● Exercise directions: Set the listing down again exactly, please, apart from its pictures.

● Data below:
%%

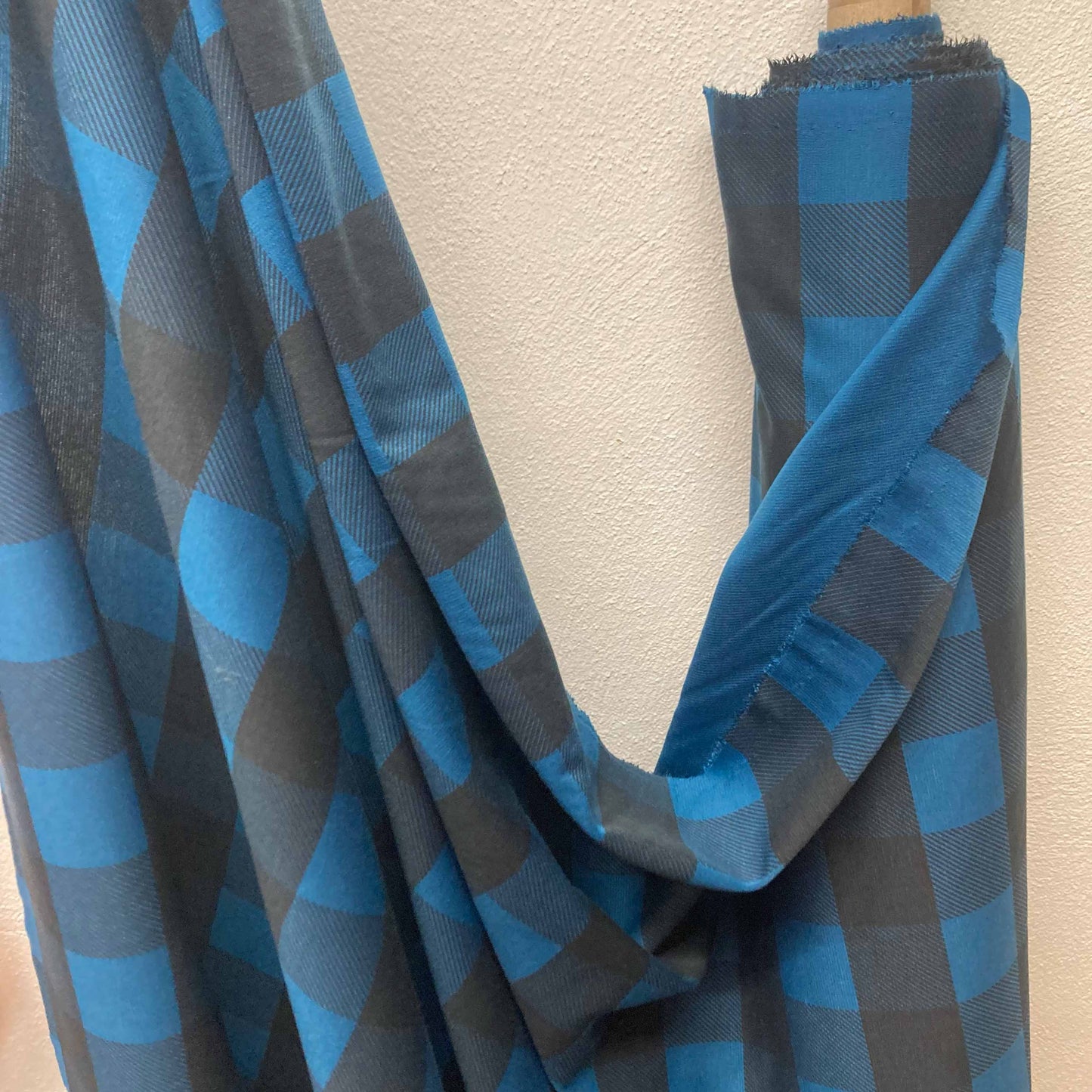 Ponte Roma Fabric - Turquoise and black *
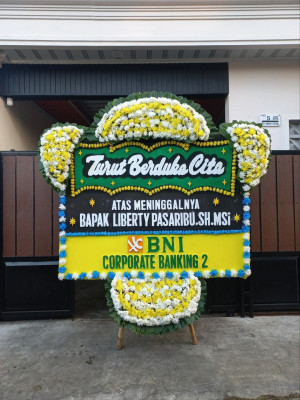 Papan Bunga Duka di Girian Weru Dua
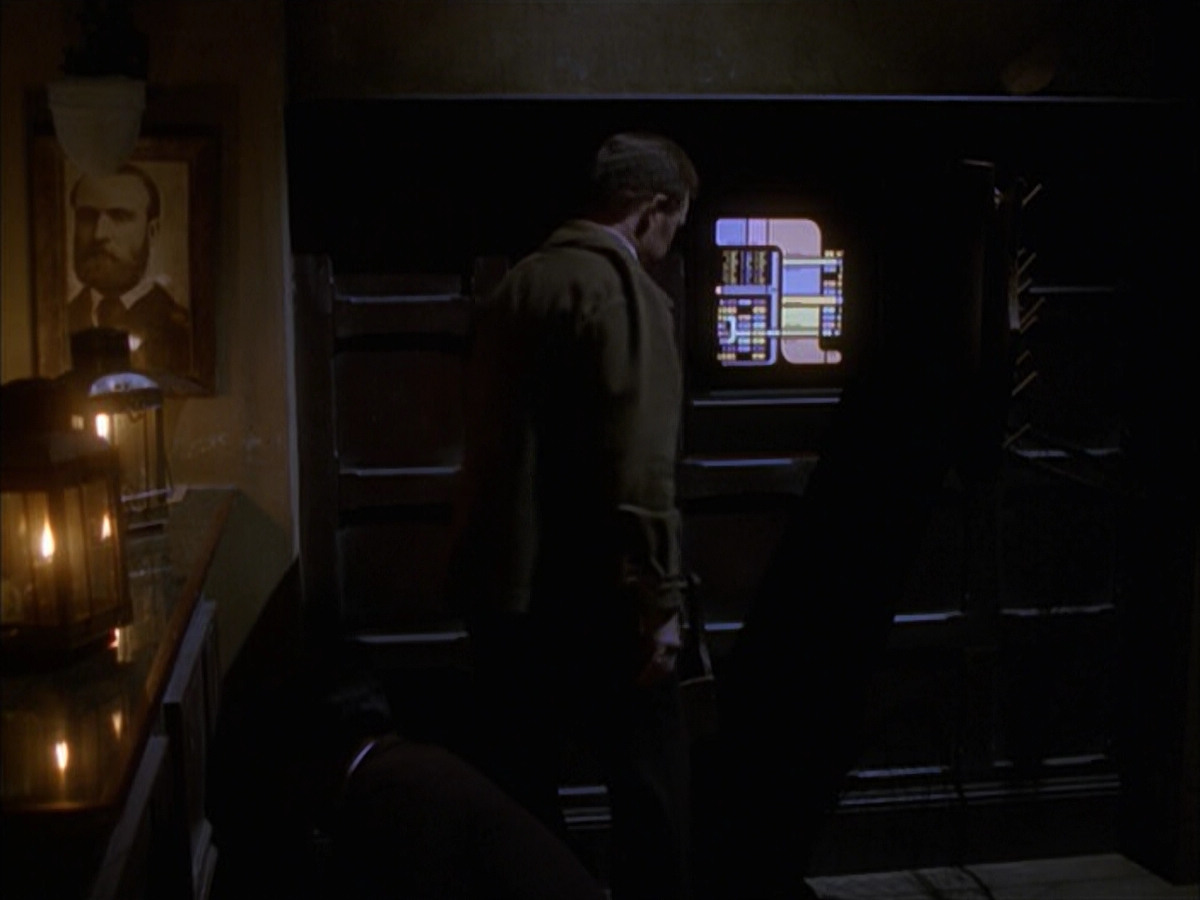 extant_StarTrek_VOY_6x17-SpiritFolk_02190.jpg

%%

● Exercise result:
 Ponte Roma Fabric - Turquoise and black *
 Papan Bunga Duka di Girian Weru Dua
 extant_StarTrek_VOY_6x17-SpiritFolk_02190.jpg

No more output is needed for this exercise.